Data shown START
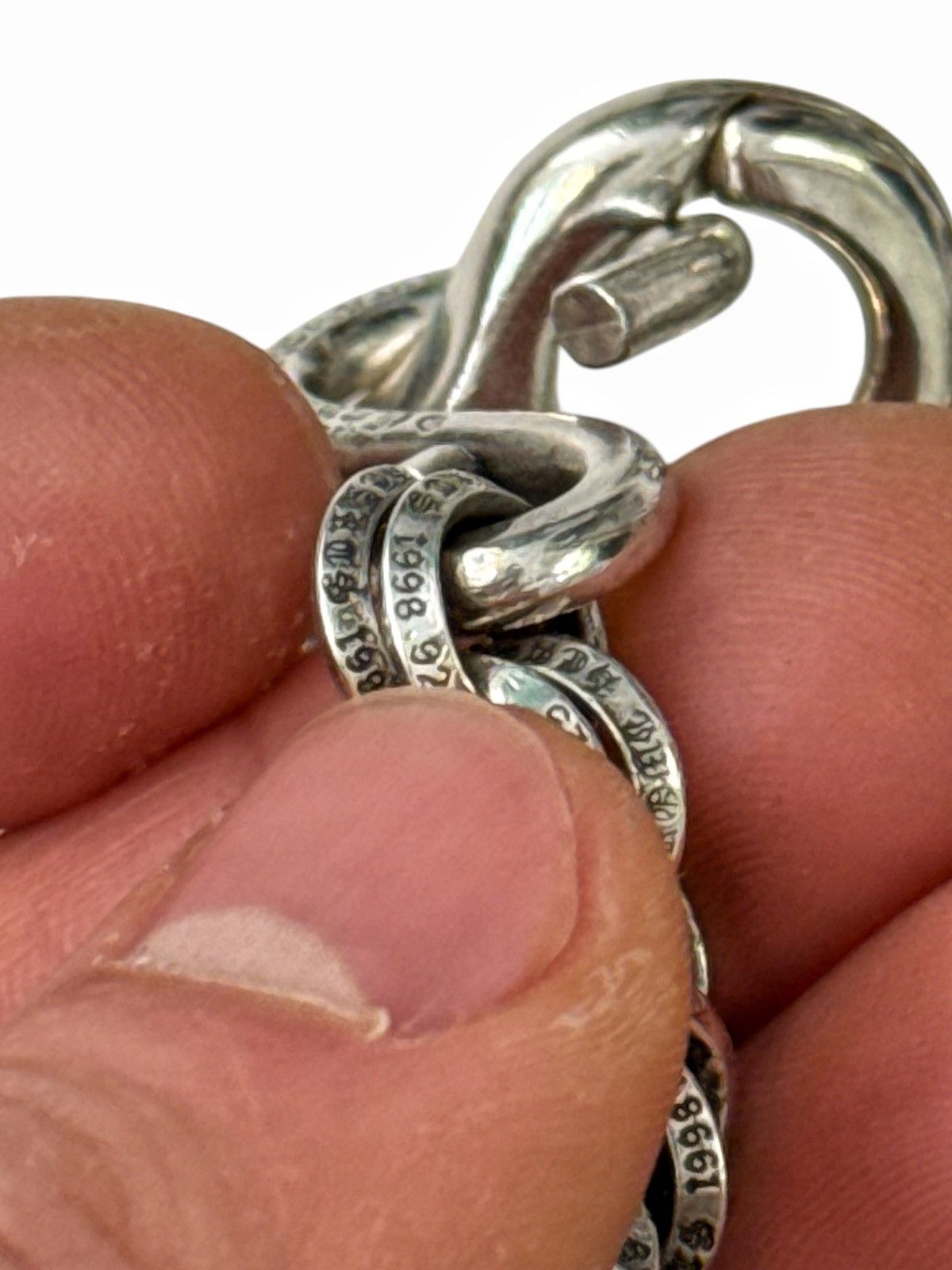 Chrome Hearts Interweave B Chain Wallet Rings Chain w Lobster Clasp Size ONE SIZE - 11 Thumbnail
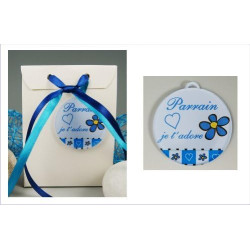 Boite de Chocolat Parrain je t'adore - Cadeau Baptême, Noël…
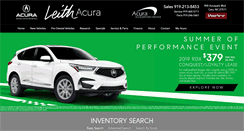 Desktop Screenshot of leithacura.com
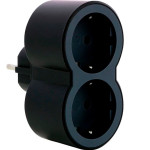 Мережевий розгалужувач LEGRAND Standard 2x2K+3 Black, 2 розетки (694517)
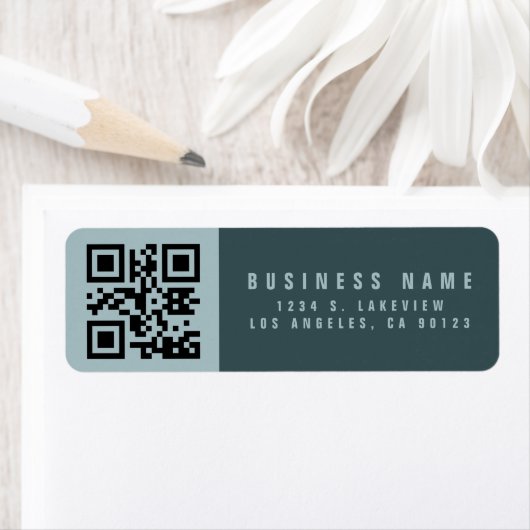 Creëer een scanbare QR-code | Modern retouradres Etiket (Insitu)
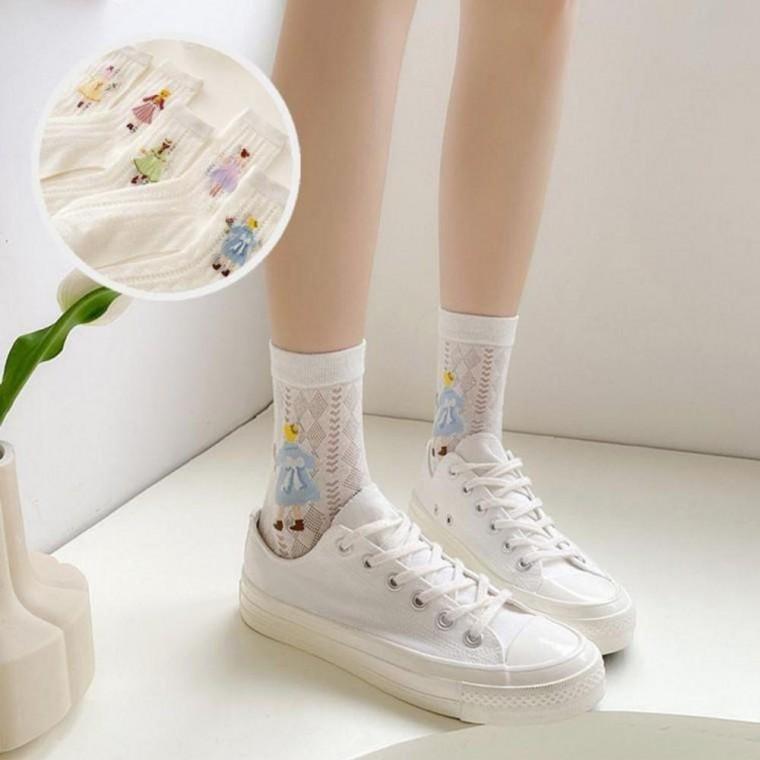 여름양말 5종세트 여성 장목 긴목 스니커즈
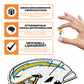 Los Angeles Chargers™ Helm - Holzpuzzle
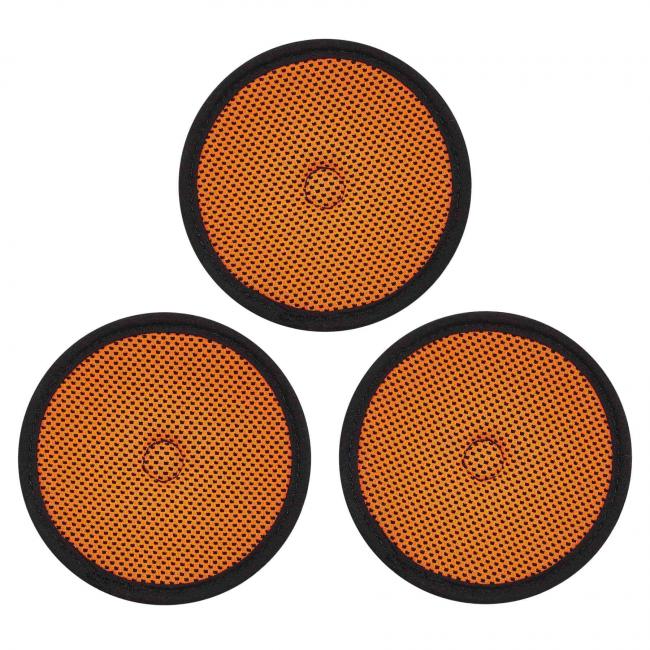 8983 Orange Hard Hat Replacement Top Pad 3-Pack image 1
Data shown END
→ **Exercise prompt**: Write out the entries word for word. Skip the pictures.

→ **Answer section**:
 Chrome Hearts Interweave B Chain Wallet Rings Chain w Lobster Clasp Size ONE SIZE - 11 Thumbnail
 Boite de Chocolat Parrain je t'adore - Cadeau Baptême, Noël…
 Desktop Screenshot of leithacura.com
 Мережевий розгалужувач LEGRAND Standard 2x2K+3 Black, 2 розетки (694517)
 Creëer een scanbare QR-code | Modern retouradres Etiket (Insitu)
 여름양말 5종세트 여성 장목 긴목 스니커즈
 Los Angeles Chargers™ Helm - Holzpuzzle
 8983 Orange Hard Hat Replacement Top Pad 3-Pack image 1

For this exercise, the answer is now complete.